Review of Common

Common (2014 TV Movie)
8/10
powerful, poignant, and all too real
24 December 2015
"Common" from 2014 sports a strong cast, including Michael Gambon, Michelle Fairley, Nico Mirallegro, Susan Lynch and others in this story about a law on the British books known as Group Enterprise. We have a similar law here though I believe it operates a little differently. If you go into a bank to rob it, and one of your group kills someone, you all get life.

In this story, a young man, Johnjo (Mirallegro) is asked by some friends to drive them to a pizza place for pizza. He does so, and stays in the car while they go in. During an ensuing fight, a young man is murdered. All of them are arrested, and the Judge wants to try them under Group Enterprise. Johnjo's attorney argues that he wasn't even in the pizza place, but the Judge (Gambon) refuses to consider the boy's innocence.

This is a story about how the law works, and frankly, it makes the law look pretty shabby. Which, in my opinion, it is, having had some experience with this type of situation myself.

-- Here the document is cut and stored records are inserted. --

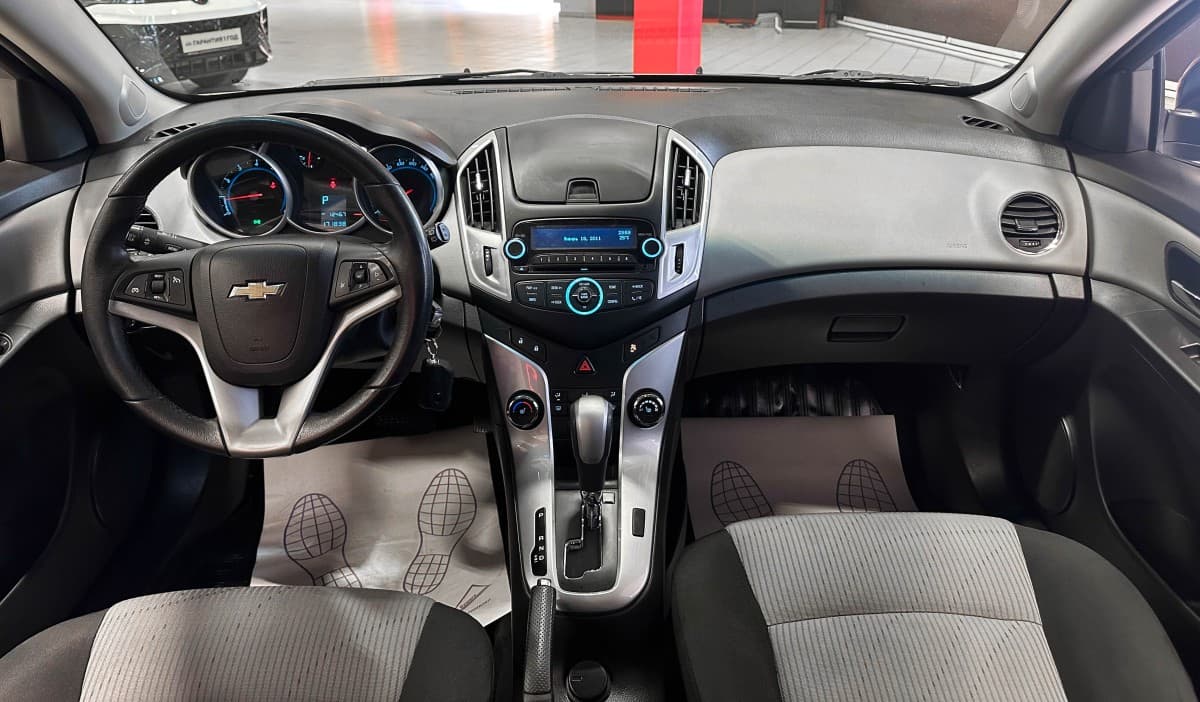 Chevrolet Cruze - фото 23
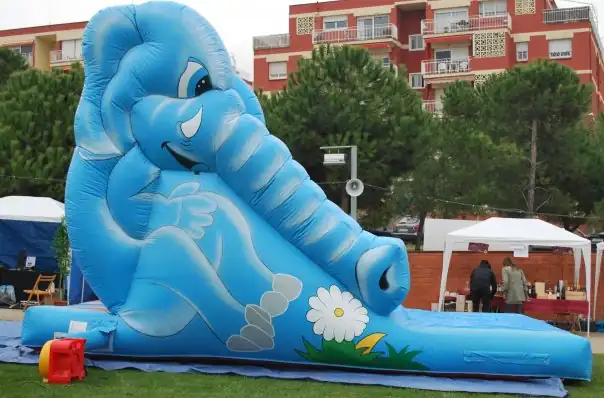Tobogan inflable Elefant en una festa de Nadal d'empresa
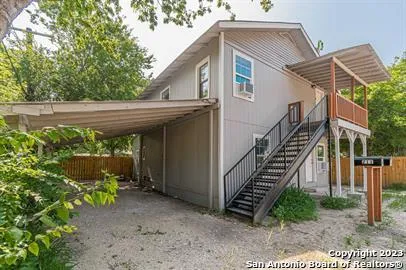 $700 | 211 Pierian Avenue, Unit 1, San Antonio, TX 78211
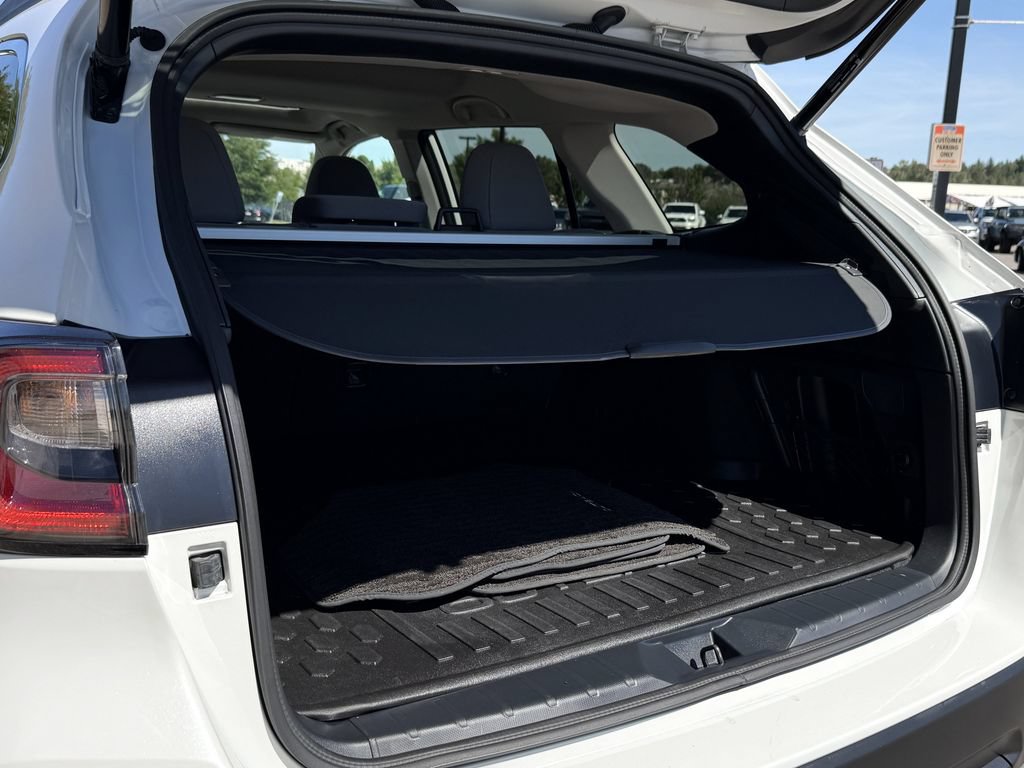 Used 2024 Subaru Outback Premium AWD/4WD image 12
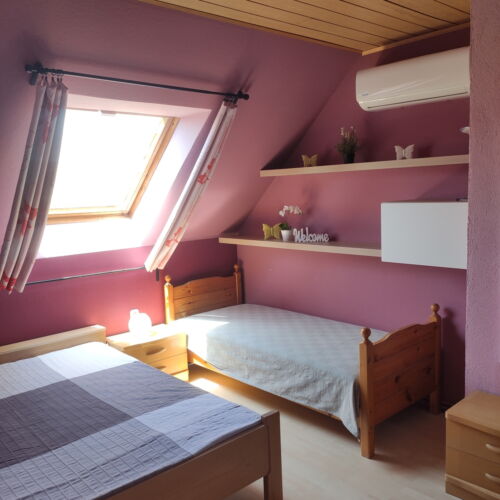 Camera cvadrupla cu vedere spre curte cu bucătărie comună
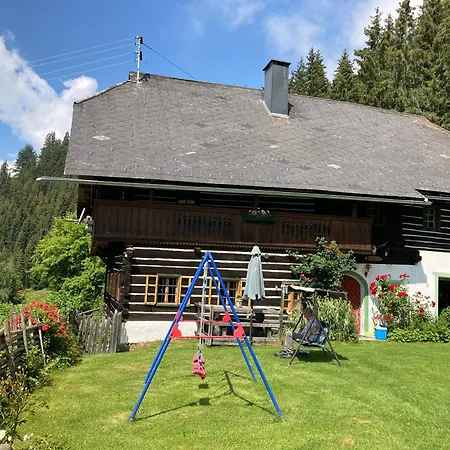 Semesterbostad Altes *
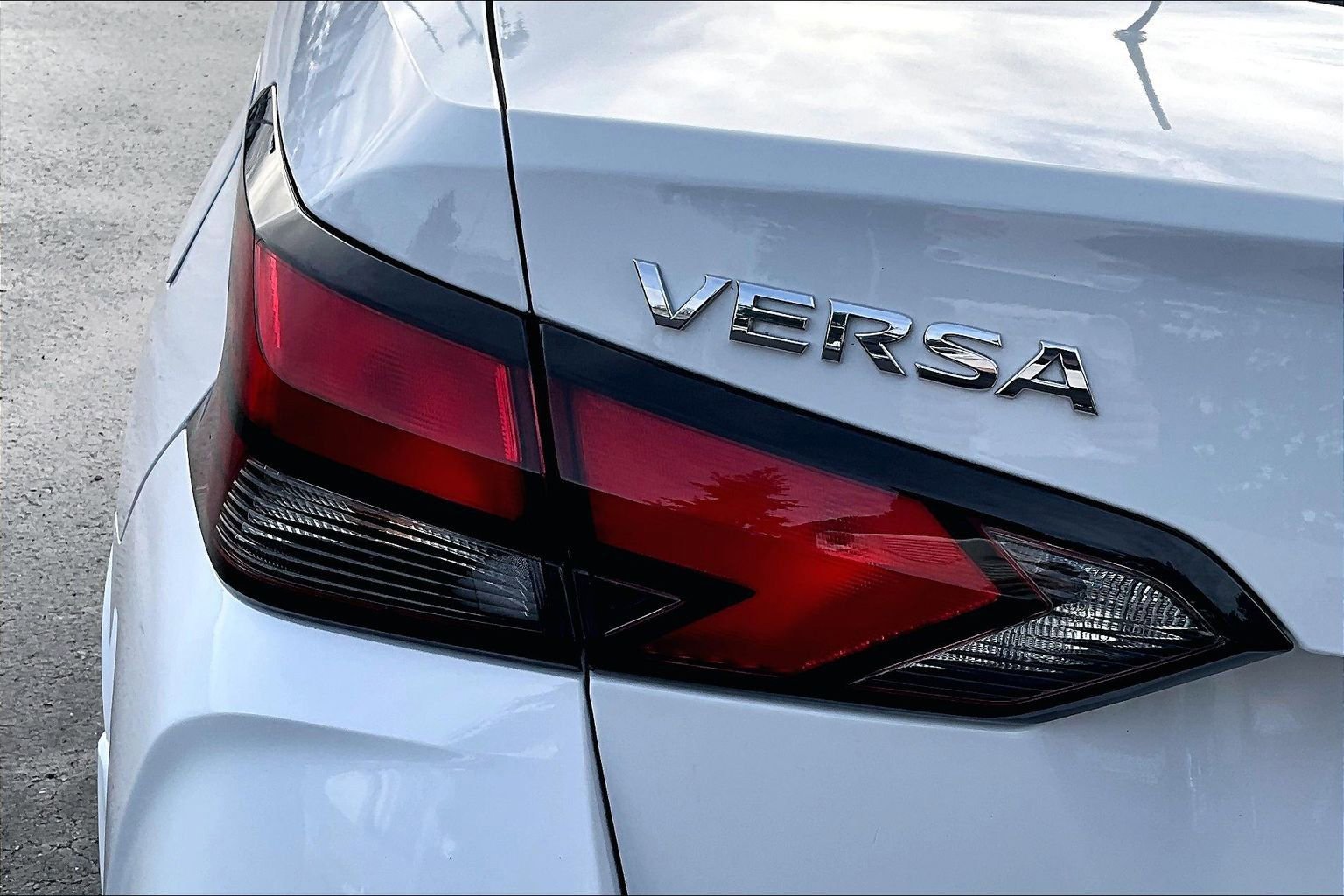 Used 2025 Nissan Versa S w/ Trunk Package image 22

Johnjo is urged by his parents to go to the police and tell them the truth. He doesn't need a lawyer because he's done nothing. I don't know who puts this into people's heads, Nancy Grace probably, but it's a prevailing thought and it's wrong.

Whether or not you are guilty or innocent, EVERYONE needs a lawyer if they are speaking to the police. Why, you ask. Here's why: here in the U.S. we say anything you say can and will be used against you. They say something similar in England. Read it again. They mean it. The police will twist anything you say, the most extraneous detail, and turn you into an ax murderer.

The second reason is, if you don't have a lawyer, the police can keep you in a room for hours on end until you say you're guilty. Nobody understands how you can plead guilty to something you didn't do. Well, if it's the only way to get out of a room after 16 hours, you'll do it. It's been done.

An attorney would not have allowed this young man to speak to the police, who of course pretended he was doing the right thing and then arrested him on the spot.

In order to wangle a guilty plea out of these people, the threat of Group Enterprise was used. If they would all plead guilty, they would get less time. And that's the way the law gets people to plead guilty when they're not.

So often we read someone has plead guilty and you think, wow, he really did it. It doesn't mean that. It means the person is sick of the harassment, the harassment of friends and family, the constant going to court, so when a deal is offered, they take it.

This film was a good example of what happens when you don't get legal advice, period, and what the law can do to you even if you're not guilty.

I won't tell you how all this works out. The acting is superb, with strong emotional performances throughout from the accused young men and their families.

During the movie, one of the mothers comes to see Johnjo's mother (Jodhi May) and screams at her that if she googles Group Enterprise, she'll see that in order to get the poor and lower middle class out of society, people found guilty of GE get life. At that point, Johnjo is thinking of pleading not guilty.

Sadly, this is true as well.If you have money and influence, as in one case I worked on, the police will put all of their power behind you and make sure that anyone you accuse of anything is put through hell. The law is different for the wealthy and influential. Very different.

In the case I was involved in, the police told someone accused by a political fundraiser of a misdemeanor, that if he did not turn over certain documents to them (with no warrant) they would start talking to him about terrorism. Let's hear it for Homeland Security - the Go Directly to Jail card for anyone you don't happen to like.

I highly recommend people seeing this film. And if you're ever even on the periphery of a crime, get an attorney.